Or, Entrepreneurship in the United States is in Decline, Part IV.
Those that keep up with my blog have read a few pieces about this disastrous trend here, and now we’ve got further evidence, of just how bad it really is.
New businesses start-ups are down from 15% of the economy 20 years ago – all the way down to 8% today. That’s a nasty stat.
Small and medium size businesses are paying twice the corporate tax rate of large corporations. That’s an even nastier stat.
Regulations and government financing programs tilt the playing field even more dramatically in favor of large and older businesses. Unfortunately larger size and older businesses are the very same ones that don’t create new jobs. Now we get more data demonstrating that small size businesses also have had a tough time getting loans, since 2008!
According to the Federal Deposit Insurance Corp (FDIC) banks held only $585 billion in loans to small businesses, up 1% from last September. Sound good? Not really, since that number is still 18% less than the peak of $711 billion in 2008.
That’s right, the total amount loaned out right now to the small business community is still below the levels at the beginning of this economic debacle. Another way of looking at that number is that the small business community, badly in need of credit, after struggling through 6 years of an undeclared Depression, has $125 Billion less in loans on the books.
It’s not just the amount of money available to small businesses that has declined.
The total number of loans for $1 million — or less — held by banks is down 14% to 23.5 million since 2008. Translation? In one third of the nation; small-business lending remains below 2005 levels. That was almost 10 years ago. Ten years is a long time for a large economy not to make any progress. That last estimate isn’t mine; it’s from PayNet Inc., a Skokie, Ill., tracker of loans by banks, corporations and alternative lenders such as finance companies.
Lending itself, to all size businesses combined — did not contract — in fact it rose by 9% since 2008. So, large businesses and medium size businesses, have been able to borrow over $500 billion extra to expand, survive, and have received the additional credit to do all that, while simultaneously, the small business community has been starved for capital by a more than a $100 billion reduction in available credit.

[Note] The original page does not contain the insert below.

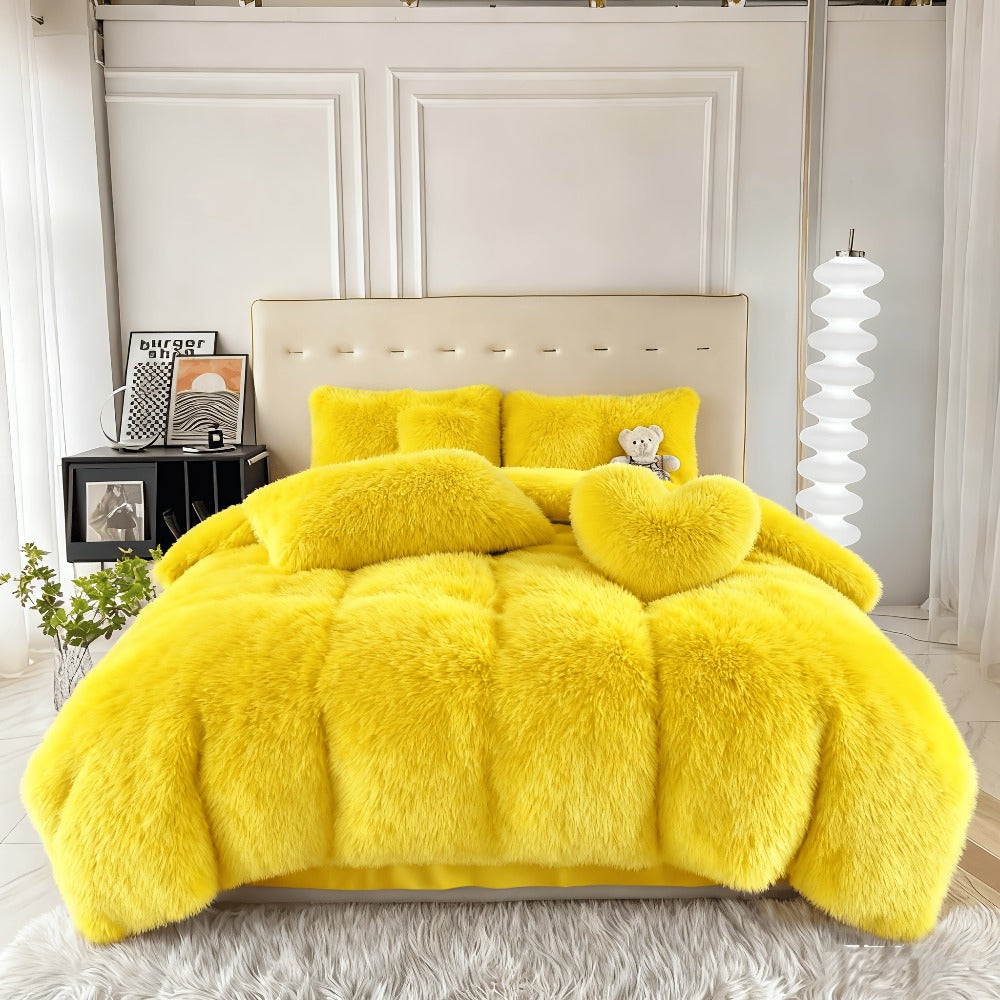 Velvet Duvet Cover Set Fluffy Plush Bedding Minimalist Solid Color, Carved Velvet Quilt Cover with Pillow Shams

If that seems really stupid to you, it’s because it is.
The government is in control of this process and they’ve done a terrible job of protecting the most important segment of the economy; the part that creates new jobs, new corporations, new business models, and introduces the most innovation at the consumer level.
That innovation and accompanying increase in marginal productivity is the source of eventual prosperity for all.
Shame on the Federal Reserve, Wall Street, the White House, and Congress, America’s small business owners don’t deserve this treatment, and hurting them, has hurt us all.